Pictures with short captions
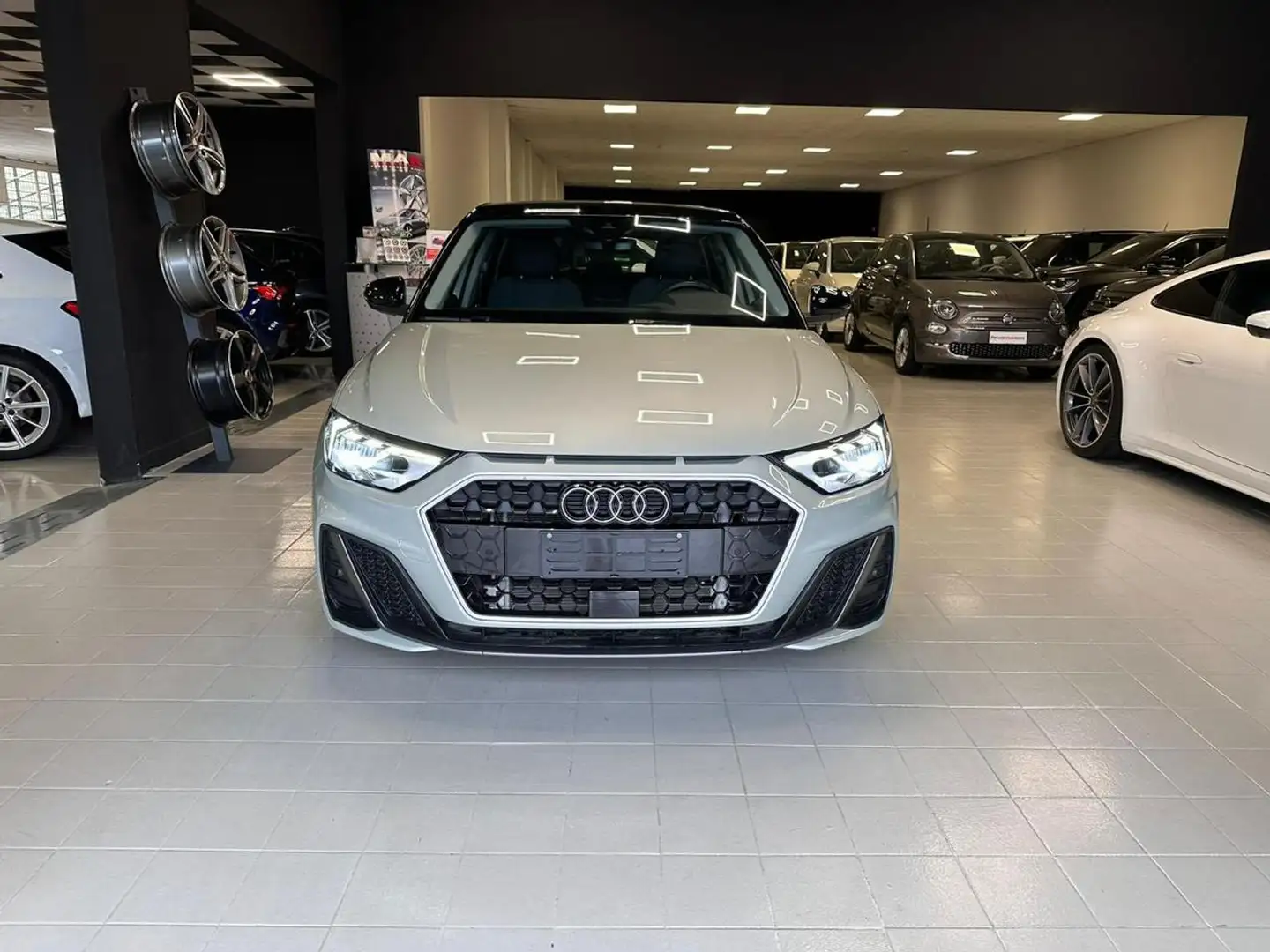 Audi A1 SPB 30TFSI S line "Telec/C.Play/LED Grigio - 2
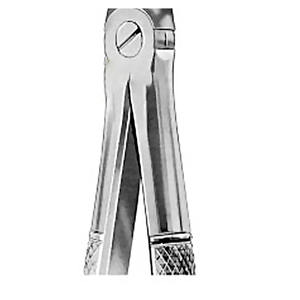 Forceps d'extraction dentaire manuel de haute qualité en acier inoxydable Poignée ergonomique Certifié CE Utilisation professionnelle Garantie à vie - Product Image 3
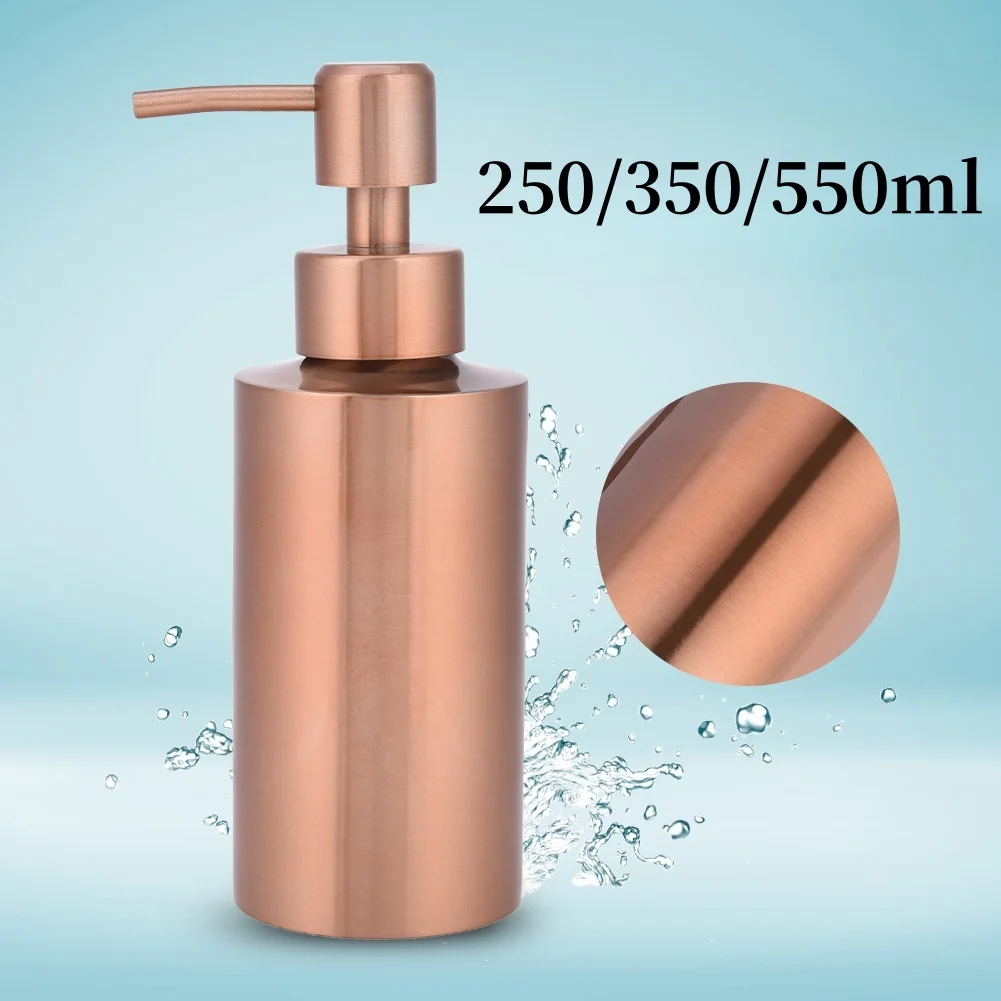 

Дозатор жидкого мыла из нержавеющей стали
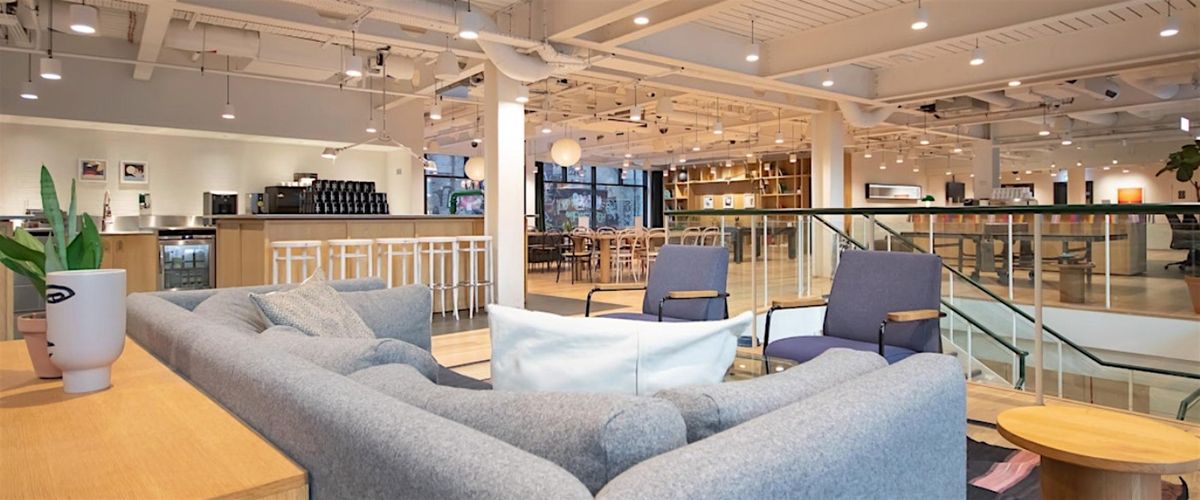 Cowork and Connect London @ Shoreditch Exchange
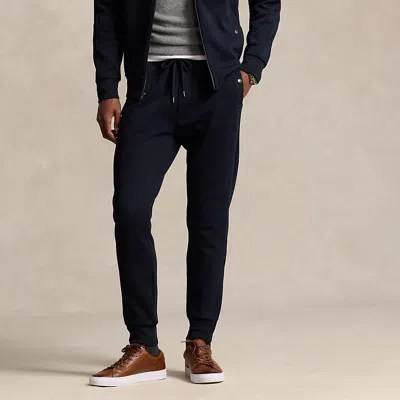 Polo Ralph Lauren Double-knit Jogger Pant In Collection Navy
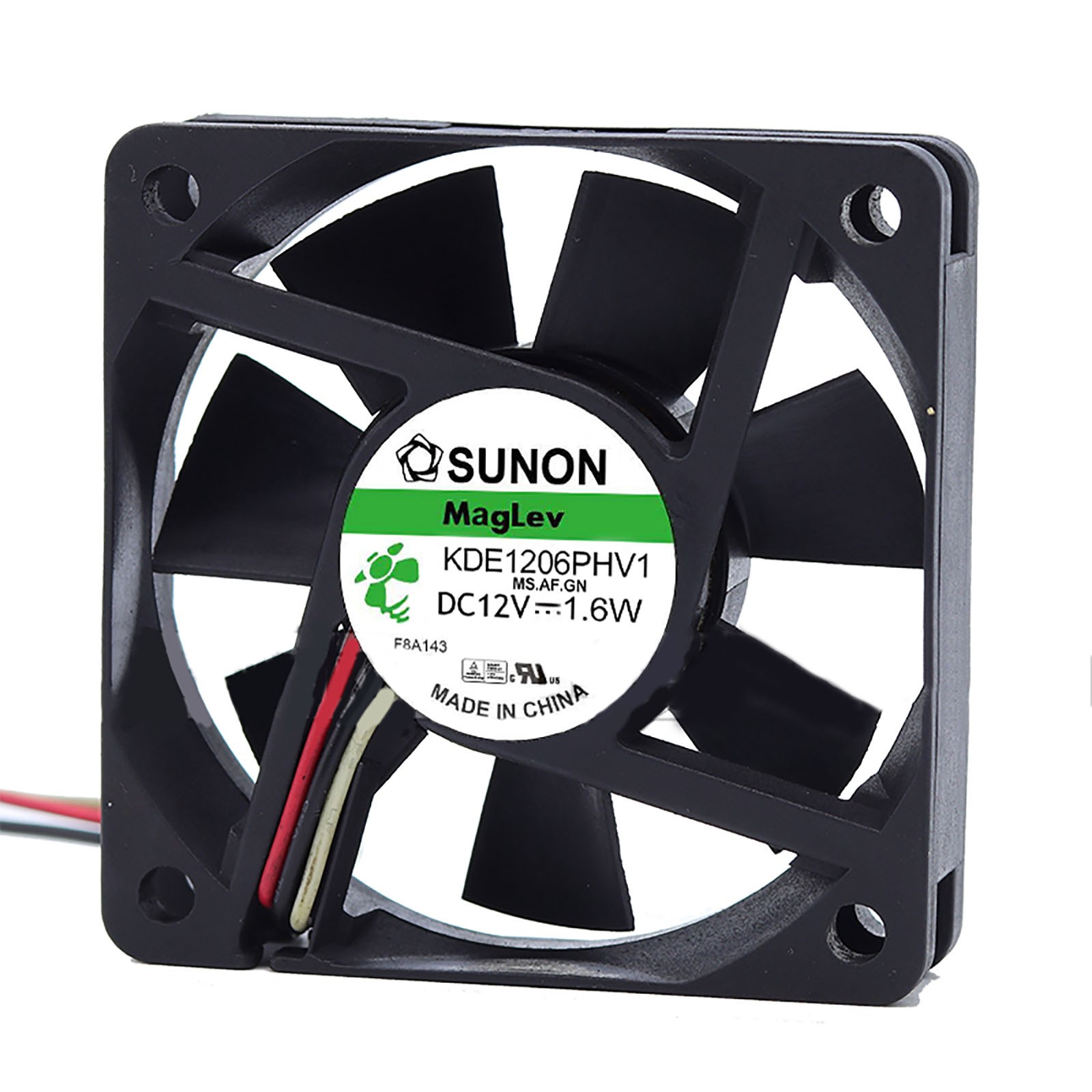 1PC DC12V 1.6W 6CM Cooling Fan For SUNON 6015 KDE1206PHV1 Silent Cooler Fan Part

— What to produce —
After dropping the pictures, reproduce exactly the lines from the first line of the entries through the line containing "Polo Ralph Lauren", both included.

— Written answer —
 Audi A1 SPB 30TFSI S line "Telec/C.Play/LED Grigio - 2
 Forceps d'extraction dentaire manuel de haute qualité en acier inoxydable Poignée ergonomique Certifié CE Utilisation professionnelle Garantie à vie - Product Image 3

Дозатор жидкого мыла из нержавеющей стали
 Cowork and Connect London @ Shoreditch Exchange
 Polo Ralph Lauren Double-knit Jogger Pant In Collection Navy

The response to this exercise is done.